How to prove that the "vector expectation" $(E(Y),E(F(Y)))$ lies
in the closed convex hull of $G=\{(x,F(x))\,|\, x\ge0\} \subseteq \mathbb R^2$?
Edit:
Robert's answer here uses the hyperplane separation theorem. I wonder whether a more constructive approach is possible-say by expressing the integral as a limit of averages. Here is a possible approach:
Since $Y \ge 0$, there exist an increasing sequence of simple functions $Y_n$ converging to $Y$;
Write
$$ Y_n=\sum_i a_n^i \chi_{E_n^i}, \, \,\,\, (E_n^i)_i\text{ are disjoint}. $$
Then $ E(Y_n)=\sum_i a_n^i \mu(E_n^i), E(F(Y_n))=\sum_i F(a_n^i) \mu(E_n^i)$.
Thus
$$
\big( E(Y_n),E(F(Y_n))\big)=\sum_i \mu(E_n^i) \big( a_n^i,F(a_n^i) \big) \in \text{conv}(G)
$$
is a convex combination of elements of $G$, for every $n$.

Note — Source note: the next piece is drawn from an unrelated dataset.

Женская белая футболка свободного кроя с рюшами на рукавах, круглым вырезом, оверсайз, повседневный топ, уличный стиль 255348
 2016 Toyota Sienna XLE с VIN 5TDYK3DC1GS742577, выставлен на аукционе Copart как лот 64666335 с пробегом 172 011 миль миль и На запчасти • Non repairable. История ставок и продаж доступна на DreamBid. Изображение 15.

Since $Y_n$ is increasing, the monotone convergence theorem implies that
$$
E(Y)=\lim_{n \to \infty} E(Y_n).
$$
If we could make $E(F(Y))=\lim_{n \to \infty} E(F(Y_n))$ as well, then we would realize
$$
(E(Y),E(F(Y)))=\lim_{n \to \infty} (E(Y_n),E(F(Y_n)))
$$
as a limit of elements in $\text{conv}(G)$, thus it lies in $\overline{\text{conv}(G)}$ as required.
$E(F(Y))=\lim_{n \to \infty} E(F(Y_n))$ holds whenever $F$ is monotonic for instance, but I am not sure if we can arrange it in general.
Best Answer
Hint: if it isn't in the closed convex hull, it can be separated from it by a linear functional.